Large exporters are simultaneously large importers. Amiti, Itskhoki, and Konings show that this pattern is key to understanding low aggregate exchange rate pass-through as well as the variation in pass-through across exporters. First, they develop a theoretical framework that combines variable markups caused by strategic complementarities with endogenous choice to import intermediate inputs. The model predicts that firms with high import shares and high market shares have low exchange rate pass-through. Second, they test and quantify the theoretical mechanisms using Belgian firm-product-level data with information on exports by destination and imports by source country. They confirm that import intensity and market share are the prime determinants of pass-through in the cross-section of firms. A small exporter with no imported inputs has a nearly complete pass-through of over 90 percent, while a firm at the 95-th percentile of both import intensity and market share distributions has a pass-through of 56 percent, with the two mechanisms playing roughly equal roles. The largest exporters are simultaneously high-market-share and high-import-intensity firms, which helps to explain the low aggregate pass-through and exchange rate disconnect observed in the data.


Christopher Erceg and Jesper Linde, Federal Reserve Board

Fiscal Consolidation in a Currency Union: Spending Cuts vs. Tax Hikes

Erceg and Linde uses a two country DSGE model to examine the effects of tax-based versus expenditure-based fiscal consolidation in a currency union. They find three key results. First, given limited scope for monetary accommodation, tax-based consolidation tends to have smaller adverse effects on output than expenditure-based consolidation in the near-term, though it is more costly in the longer-run. Second, a large expenditure based consolidation may be counterproductive in the near-term if the zero lower bound is binding, reflecting the fact that output losses rise at the margin. Third, a "mixed strategy" that combines a sharp but temporary rise in taxes with gradual spending cuts may be desirable in minimizing the output costs of fiscal consolidation.

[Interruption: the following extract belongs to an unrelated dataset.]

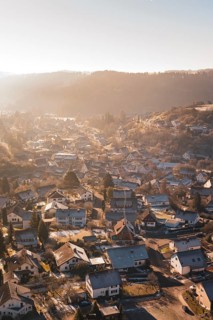 A village in a hilly landscape in the warm light of sunset, Glatten, Freudenstadt district, Germany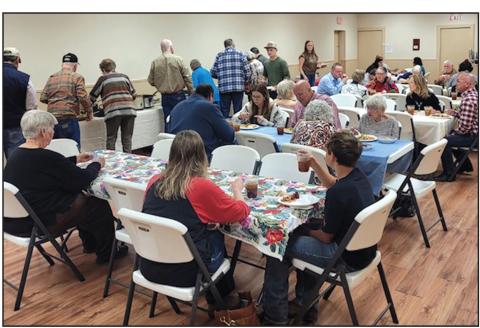 Wonderful food and great fellowship at community luncheon. Photo by Paige Moats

Matteo Cacciatore, HEC Montreal; Giuseppe Fiori, North Carolina State University; and Fabio Ghironi, Boston College and NBER

Market Deregulation and Optimal Monetary Policy in a Monetary Union

The global crisis that began in 2008 reheated the debate on market deregulation as a tool to improve economic performance. Cacciatore, Fiori, and Ghironi address the consequences of increased flexibility in goods and labor markets for the conduct of monetary policy in a monetary union. They model a two-country monetary union with endogenous product creation, labor market frictions, and price and wage rigidities. They allow regulation in goods and labor markets to differ across countries. They first characterize optimal monetary policy when regulation is high and show that the Ramsey allocation requires significant departures from price stability, both in the long run and over the business cycle. Welfare gains from the Ramsey-optimal plicy are sizeable. Second, they show that the adjustment to market reform requires expansionary policy to reduce transition costs. Third, deregulation reduces static and dynamic inefficiencies, making price stability more desirable. International coordination of reforms is beneficial as it eliminates policy tradeoffs generated by asymmetric deregulation.